In una società come la nostra, nella quale occorre mostrarsi sempre perfetti ed impeccabili ed in cui il valore di una persona si misura in base ai risultati ottenuti ed ai traguardi raggiunti, appare difficile mettersi a nudo, mostrandosi per ciò che si è realmente, così da far riemergere la propria più intima essenza.
La paura di non essere accettati, compresi, o semplicemente di non essere amati, non fa altro che indurci ad indossare una maschera che celi non solo il nostro volto ma anche la nostra anima.
Ecco allora che appare importante richiamare alla memoria le straordinarie parole utilizzate dallo scrittore e poeta italiano Cesare Pavese, il quale esprimeva il suo pensiero in tal modo: “Tu sarai amato il giorno in cui potrai mostrare la tua debolezza senza che l'altro se ne serva per affermare la sua forza”.
Dunque, solo chi ci ama veramente e prova un sentimento profondo ed autentico nei nostri confronti sarà in grado di farci sentire a nostro agio: in tal modo, pertanto, riusciremo a mostrarci per ciò che siamo realmente, senza indossare una maschera, senza timore di essere giudicati o additati.
Riceveremo amore puro ed incondizionato solo quando potremo mostrare le nostre debolezze senza che l’altro le utilizzi per poter affermare la sua forza: ciascuno di noi, infatti, non solo non è perfetto ma non dovrà neppure sforzarsi di esserlo ed è per tale ragione che chi ci ama immensamente si prenderà cura di noi, aiutandoci a rialzarci dopo ogni inciampo, dopo ogni caduta, imparando a conoscerci fin nel profondo.
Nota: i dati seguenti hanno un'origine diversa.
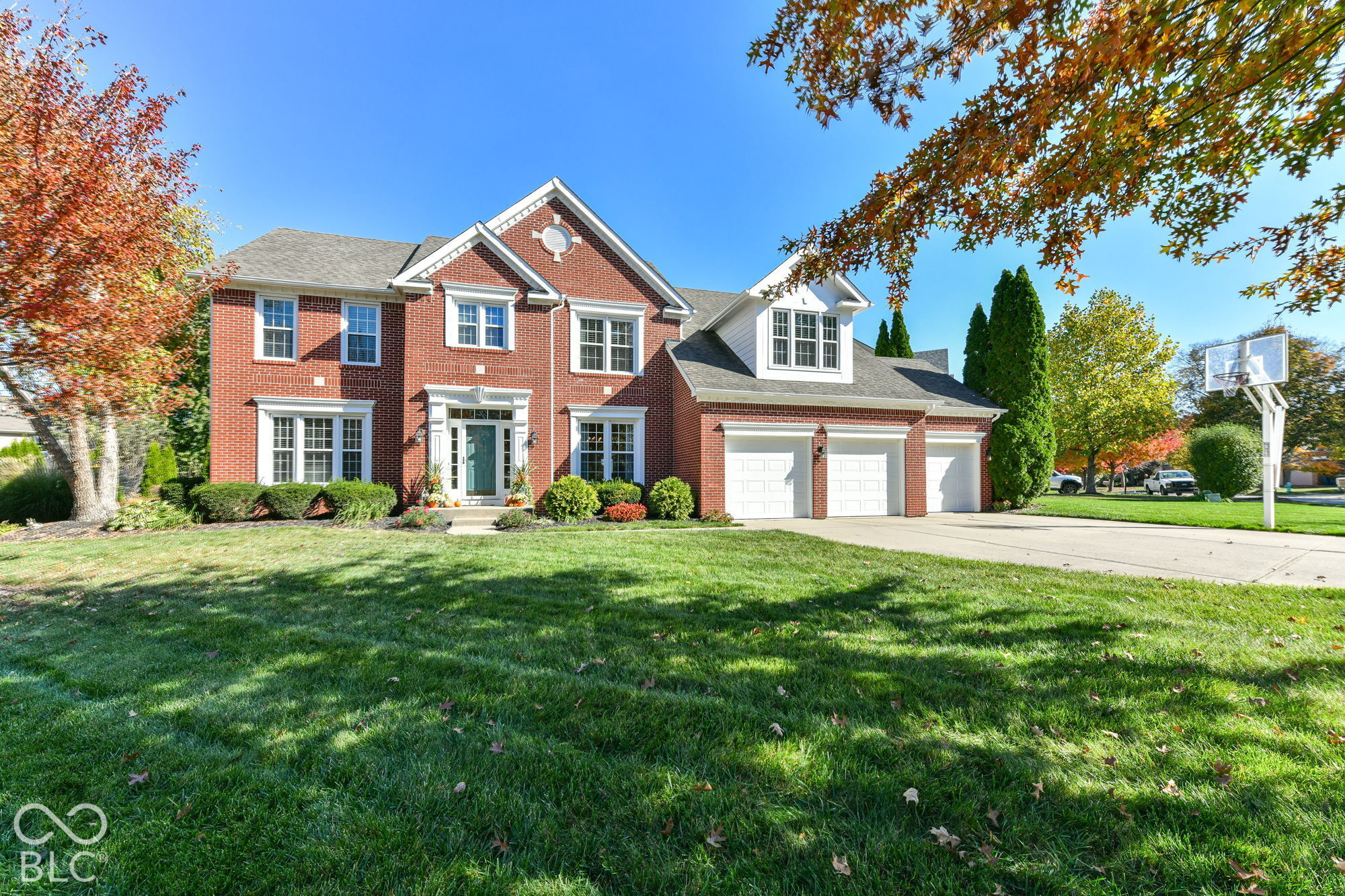 10700 Woodmont Lane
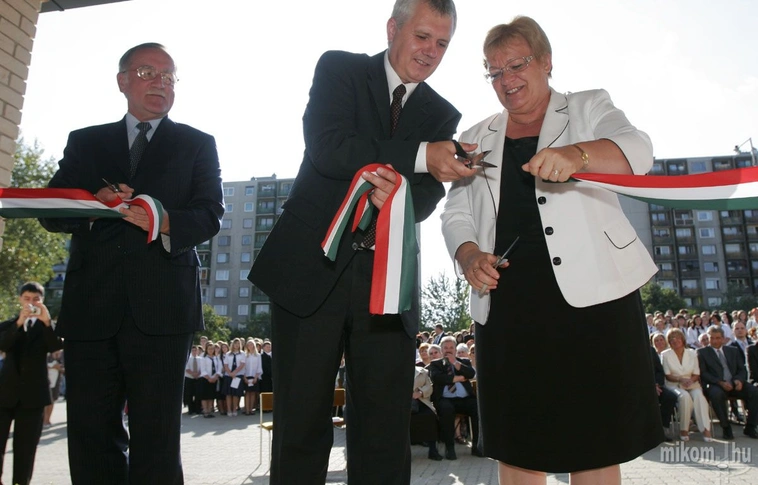 Avasi Gimnázium avató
D’altronde, la vita ci mette spesso a dura prova e saranno poche le persone disposte a rimanere al nostro fianco quando tutto non sembra andare per il verso giusto: di solito, infatti, è sempre più semplice fuggir via, scappare, piuttosto che restare ed affrontare assieme la tempesta.
In un tempo in cui individualismo ed egocentrismo predominano incontrastati, amarsi ed amare appare atto rivoluzionario ed innovativo: ecco allora che basterà stringere forte la mano delle persone che amiamo per sentirci meno fragili e disorientati, meno soli, così da curare la nostra anima, perdendoci in un abbraccio caloroso ed avvolgente.
Alle volte, infatti, abbiamo solo bisogno di un po’ di amore e le persone più importanti saranno in grado di dispensarlo senza riserve perché esserci è la priorità ed amarsi un’incontenibile necessità.
Pertanto, quando si è più fragili e vulnerabili l’amore diventa carezza che scalda il cuore, bussola che orienta nella giusta direzione, faro che illumina il cammino anche nelle giornate più buie e tempestose.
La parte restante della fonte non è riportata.